The company is expecting savings of around $250 million annually due to its reorganization, it said in a June 21 press release. These savings will be incorporated into customer bills later this year.
PG&E’s path out of bankruptcy included multiple commitments to state regulators and California Gov. Gavin Newsom, D, which the utility said in a statement will “position PG&E for long-term success.” These include allowing for increased regulatory oversight, recruiting a chief risk officer and chief safety officer who will report directly to the company’s new CEO, and promising not to recover from its customers payments that were made to the victims of the Northern California fires as part of its reorganization plan.

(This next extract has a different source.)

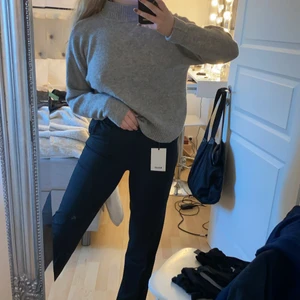 Stickad tröja - Aldrig använd, från hm. Storlek XS men passar XS-M då den är stretchig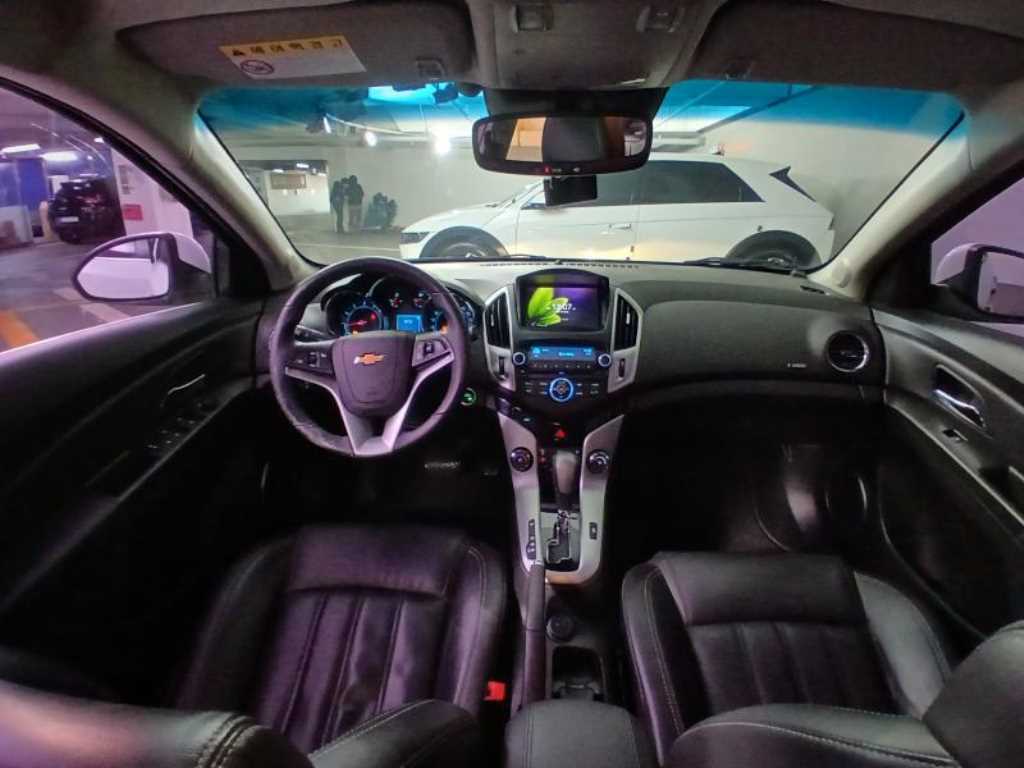 Chevrolet Cruise - Vista 6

The utility also said it has brought on board 11 new board members with “substantial expertise in diverse areas critical to the company’s work.”
It’s common for companies to formally exit bankruptcy around 30 days or less after a reorganization plan is confirmed, Sherilyn Olsen, partner at Holland & Hart, told Utility Dive, and use the time to meet various terms outlined in the plan, like raising financing.
“Sometimes in these complicated types of cases, [the terms] are tied to specific conditions similar to closing on a complicated real estate deal,” like having certain documents, people and money in place before the plan is deemed effective, she said.
Parties can appeal Montali’s decision within 14 days of his order, she added, but given that every class of impaired creditors save for one voted in favor of PG&E’s plan, “I think the likelihood of [the plan] becoming effective is probably pretty high.”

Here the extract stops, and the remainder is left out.